There was a part of me that honestly thought that John Kasich would keep things going through the California primary, at least to be the last remaining symbol that the Republican Party was not entirely in thrall to the charms of a vulgar talking yam. I thought maybe that he would mount some sort of guerrilla campaign to demonstrate at least a token resistance to the very idea of Presumptive Nominee Donald Trump. Alas, however, I underestimated the power of shameless capitulation. The Gray Lady informs us that Kasich is catching the Cruz train out of town.
A conventional candidate in an unconventional race, Mr. Kasich outlasted the other governors in the Republican field. But his longevity was largely a testament to his unbending refusal to drop out long after it became clear that voters were not flocking to his campaign. He rarely wavered from his above-the-fray approach to his rivals, even as they racked up far more delegates. When his rivals attacked one another, Mr. Kasich struck a sunny tone and told people that they were made special by the Lord. When his opponents took polarizing and contentious positions, he emphasized his record as governor of Ohio and his long career in Congress.

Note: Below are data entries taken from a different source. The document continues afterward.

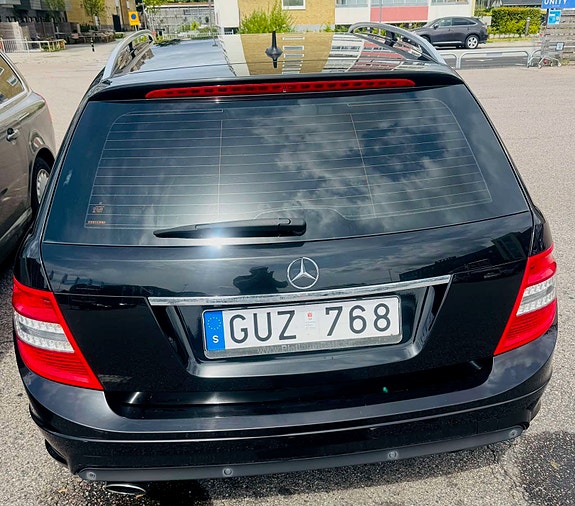 Mercedes-Benz C220 3 of 5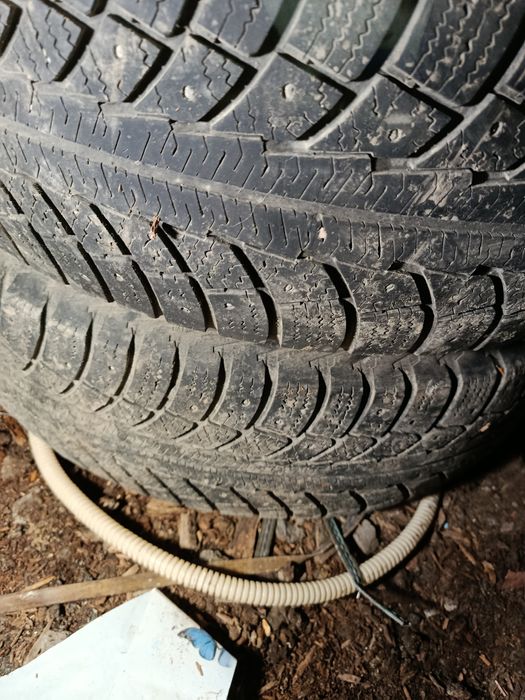 Продам резину  зимние
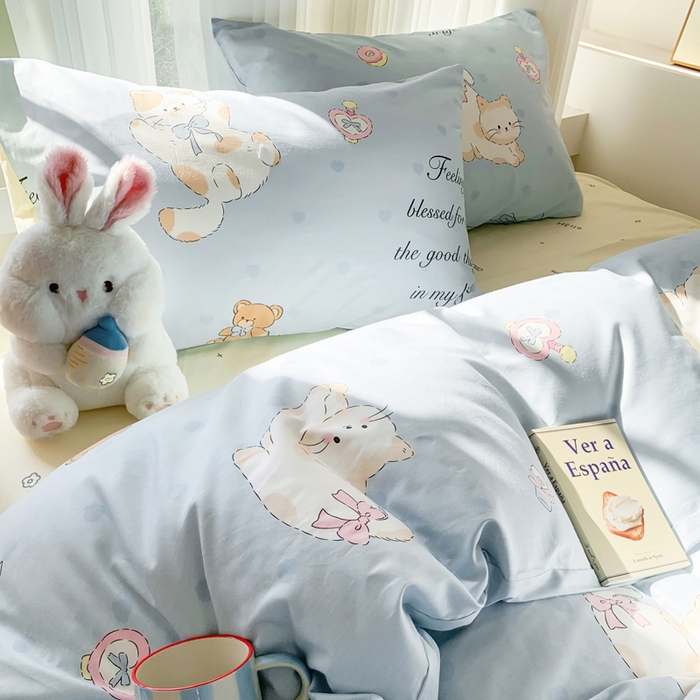 91家纺网 家纺一手货源 找家纺 澳萝拉 2025新款小碎花清新春夏全棉花边双层纱韩系三件套四件套 甜心小猫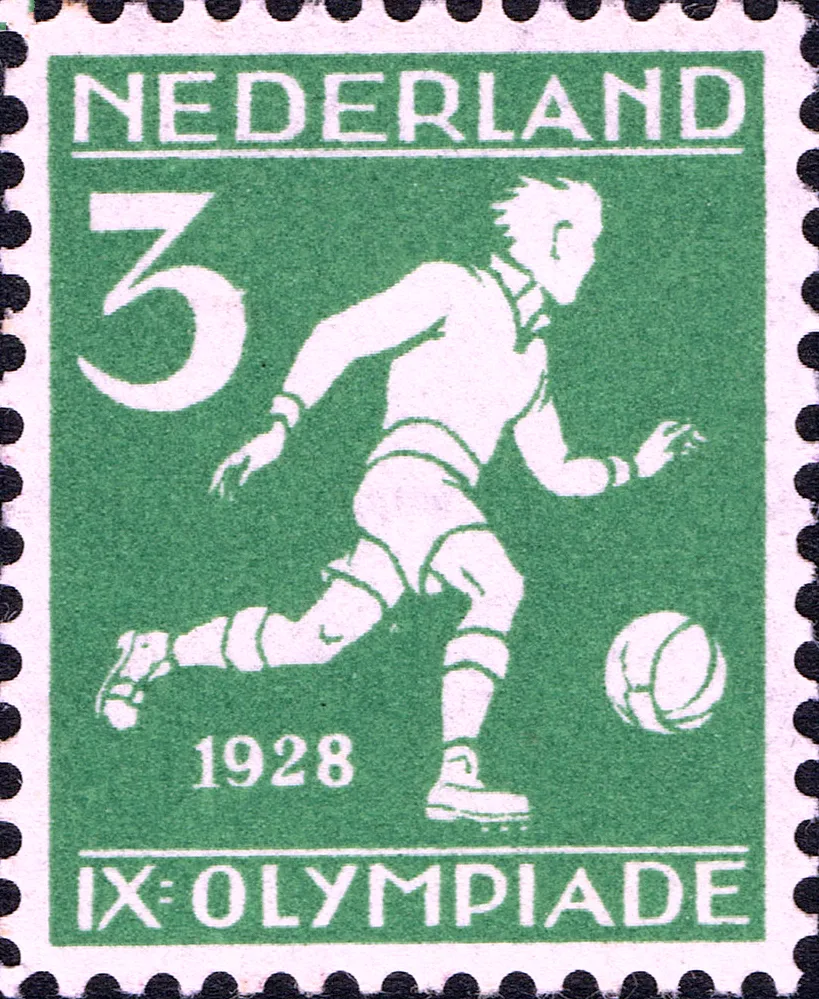 Turnamen sepak bola Olimpiade Musim Panas 1928 di Amsterdam mempertemukan Uruguay dan Argentina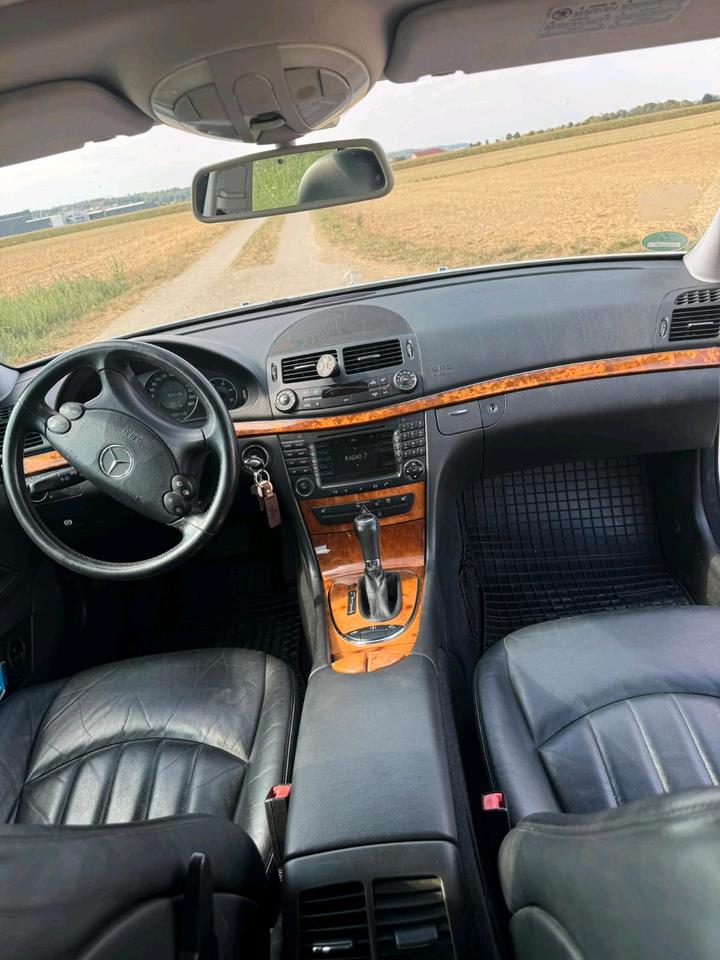 Mercedes Benz E 280 2008 — photo 14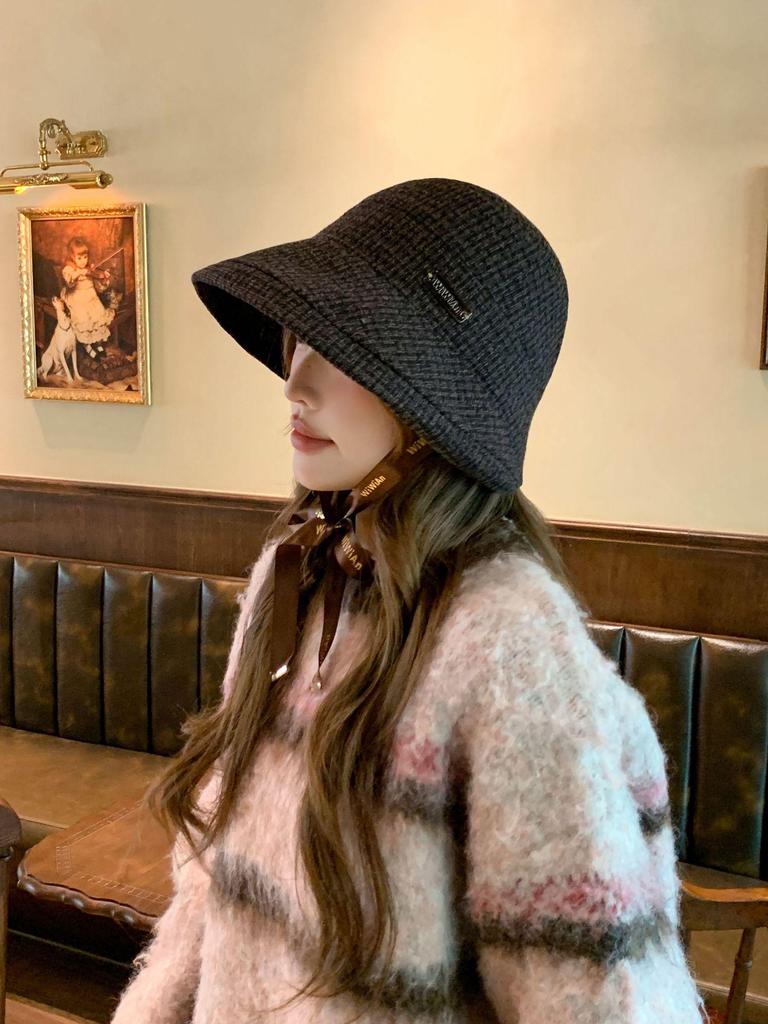 Chic French Plaid Fisherman Hat: Elegant Autumn/Winter Style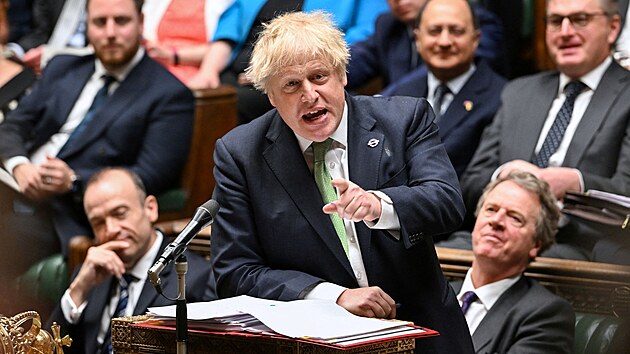 Britský premiér Boris Johnson promluvil v parlamentu.  (19. května 2022)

Now that it's largely a memory, the Republican nominating process seems like nothing more than a collision of Potemkin candidates out of which emerged the greatest Potemkin candidate of them all. First, we had the "deep bench" of Republican candidates, a group which melted away almost entirely in the first heat of the campaign. Then, we had the idea that Jeb (!) Bush would be the candidate on whom the Republican power elite would settle, except that Jeb (!) approached the job of campaigning like a lifer approaching the rock pile for the 1,567th day in a row. Finally, we had the idea that Ted Cruz, a man so far off to the right that he should have been campaigning in the Azores-except that nobody there would like him, either-was going to be the fellow to slow the momentum that He, Trump was building. All of these shams blew away on the wind.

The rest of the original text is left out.